Tech stocks have taken over American financial markets, immunized it to geopolitical uncertainty and energy shocks, but exposed them to the heartbeat of technology.

The conflict with Iran is wreaking havoc in the global economy. Not so much because of missiles and bombs and human suffering – that’s what we see in every war. But because of the blocking of the Strait of Hormuz, which is effectively choking off the supply of 20% of the world’s oil and liquefied natural gas. Shipping traffic has plummeted to a near standstill, with ships turning back, being attacked, or seized. Every day new and contradicting social media posts are published or fragile ceasefires put in place, with no realistic exit scenario in sight. As the conflict drags on, global supply chains are strained. Oil prices temporarily spiked by more than 50% per barrel.

Consumer sentiment in the US hit a record low. The labor market is expected to follow suit. Uncertainty is rippling through the economy at all levels. All but one: America’s financial markets.

The S&P 500 and the Nasdaq recently hit fresh all-time highs. The S&P 500 has even seen three consecutive weeks with 3% gains or more, something it experienced only three times in the last 76 years. This paradox leaves experts scrambling for answers.

Traditional explanations overlook the structural change

Explanations abound as to why US stock markets are weathering this storm so well. Many experts will tell you the reason lies in America’s energy independence. Yet prices at American gas stations are up by one third. Consumer staples are hit hard too. Overall inflation jumped to 3.3% in March.

Others point to a common pattern in all conflicts: American equity markets serve as a safe haven in times of turmoil and uncertainty. Yet if this were the explanation, then the US dollar should have strengthened too. Two months after the war broke out, however, the value of the dollar against the euro has not budged.

Some experts explain the stock market resilience by investors believing in a quick ceasefire and thus only a temporary macro shock. But even if they are right, lasting damage has been done. Higher risk premiums for shipping and insurance, more expensive supply-chain planning, and more caution by firms in the Gulf region are permanent. Also, if investors don’t believe in long-term disruption, why then are only American stocks outperforming? The British FTSE100 and the EURO STOXX 50 are down since the outbreak of the war.

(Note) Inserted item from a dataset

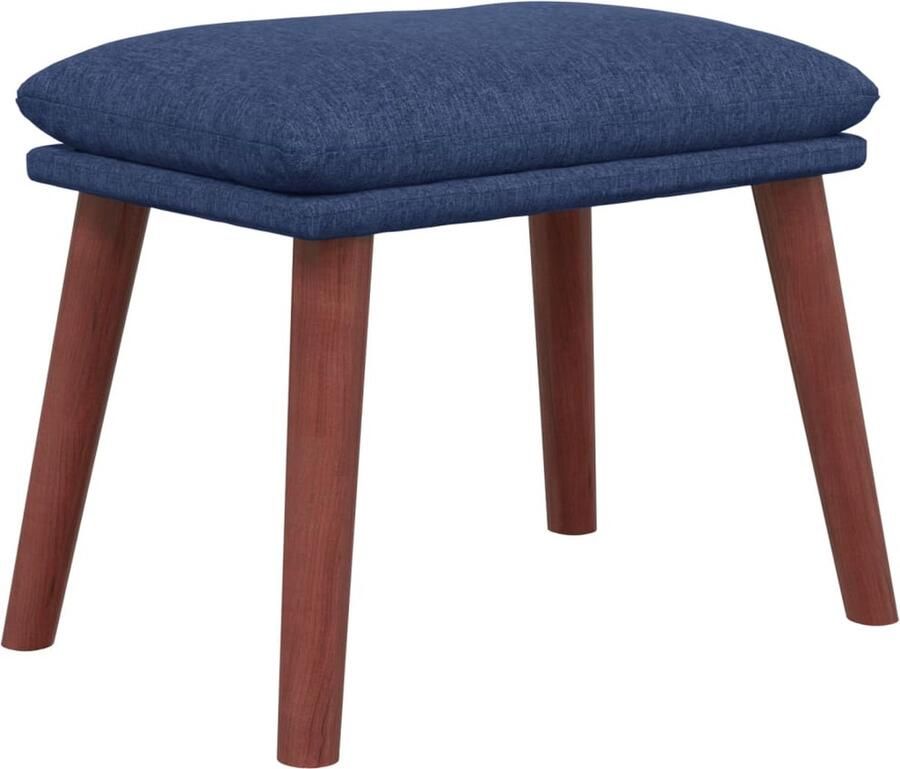 VidaXL -Voetenbank-45x29 5x35-cm-stof-blauw - Foto 2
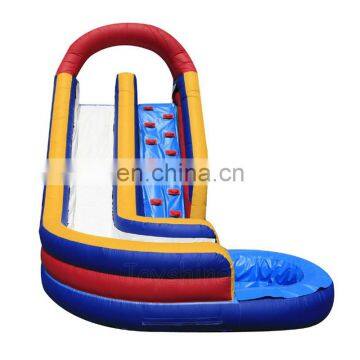 Big Size Kids Slides Bouncer Commercial Inflatable Infinity Water Slide With Pool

The real reason lies in the fact that over the past 25 years America has turned into a tech economy, or more precisely: into a tech-dominated financial system. Tech companies made up only 1.7% of the total workforce in 2024. And while tech-workers do contribute more to the GDP than their peers in other sectors, tech as an industry is not even America’s GDP-engine. In 2024 it accounted for 5.4% of the total economic output. Manufacturing contributed twice as much, finance four times as much. In short: Technology companies have not taken over the economy. But they did take over the capital markets. IT companies make up 28% of the value of all publicly traded companies. The next sector is finance, reaching merely half of that. And here is where tech’s dominance gets really mind-boggling. Many mega-caps are not even part of the information technology segment. Alphabet and Meta count as communication services. Amazon and Tesla fall under consumer discretionary. The outsized returns of biotech companies like BioNTech or Amgen go to the healthcare sector.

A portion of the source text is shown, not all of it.